▸ **WORK TO BE COMPLETED**
Retyped exactly and without pictures, the lines from the one with "rethink refinishing graphic" through the end of the listing must form the entire answer.

+ + + +

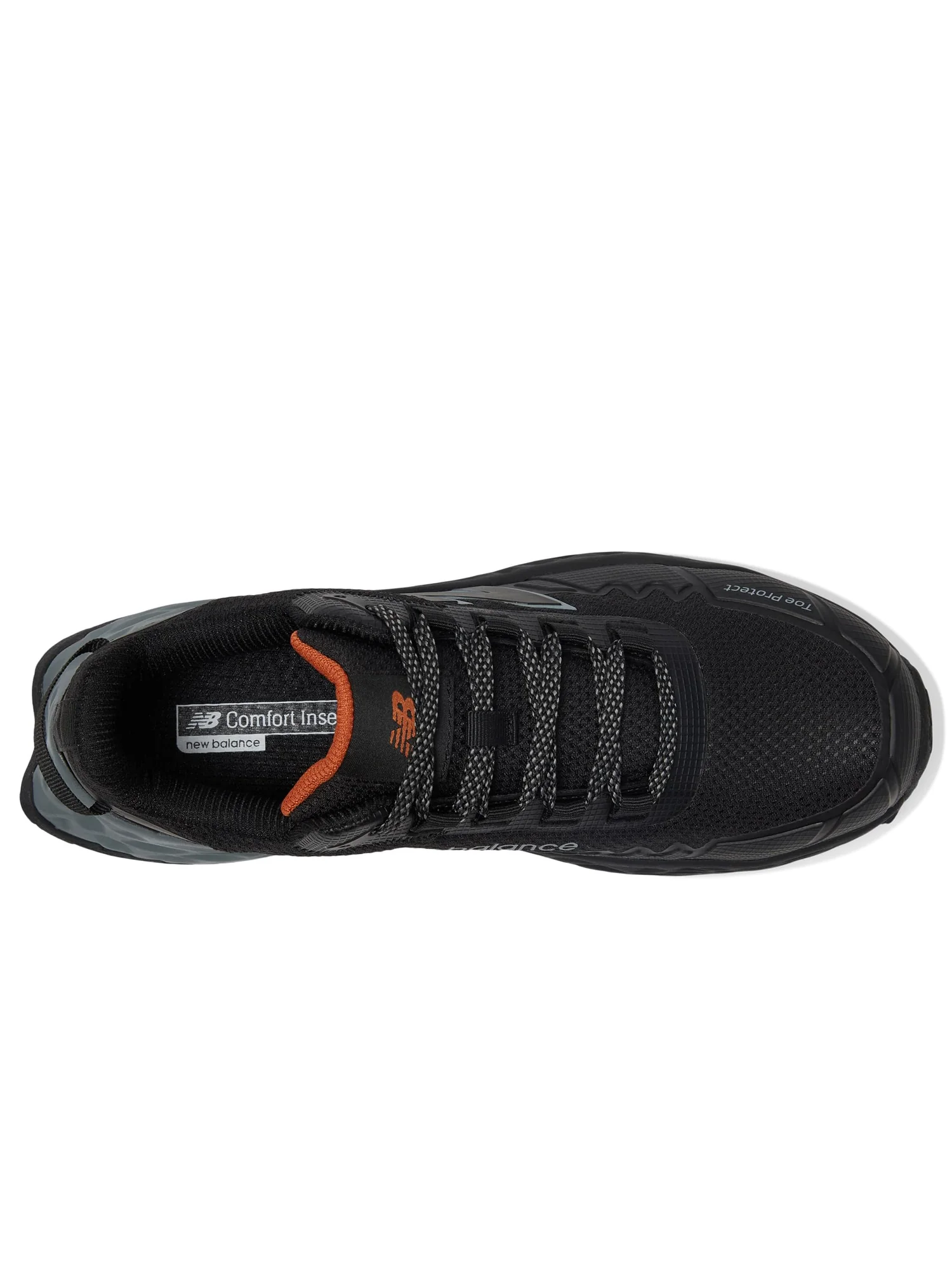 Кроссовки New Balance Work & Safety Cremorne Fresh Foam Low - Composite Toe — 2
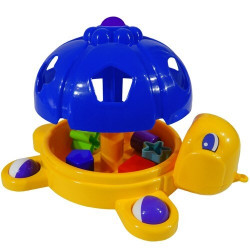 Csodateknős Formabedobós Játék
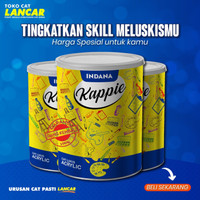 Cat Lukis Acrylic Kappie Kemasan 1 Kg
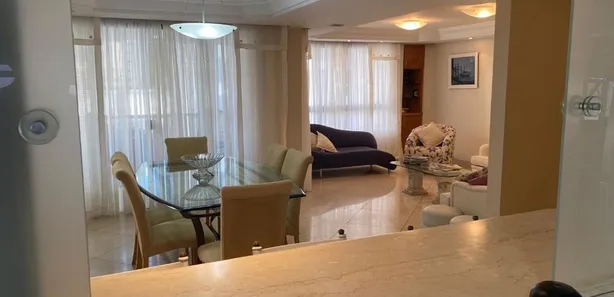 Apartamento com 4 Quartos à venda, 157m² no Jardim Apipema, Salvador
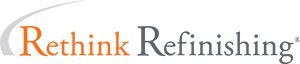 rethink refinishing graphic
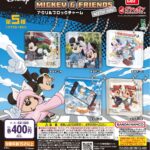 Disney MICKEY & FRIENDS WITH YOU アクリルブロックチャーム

+ + + +

▸ **PROBLEM SOLUTION**
 rethink refinishing graphic
 Disney MICKEY & FRIENDS WITH YOU アクリルブロックチャーム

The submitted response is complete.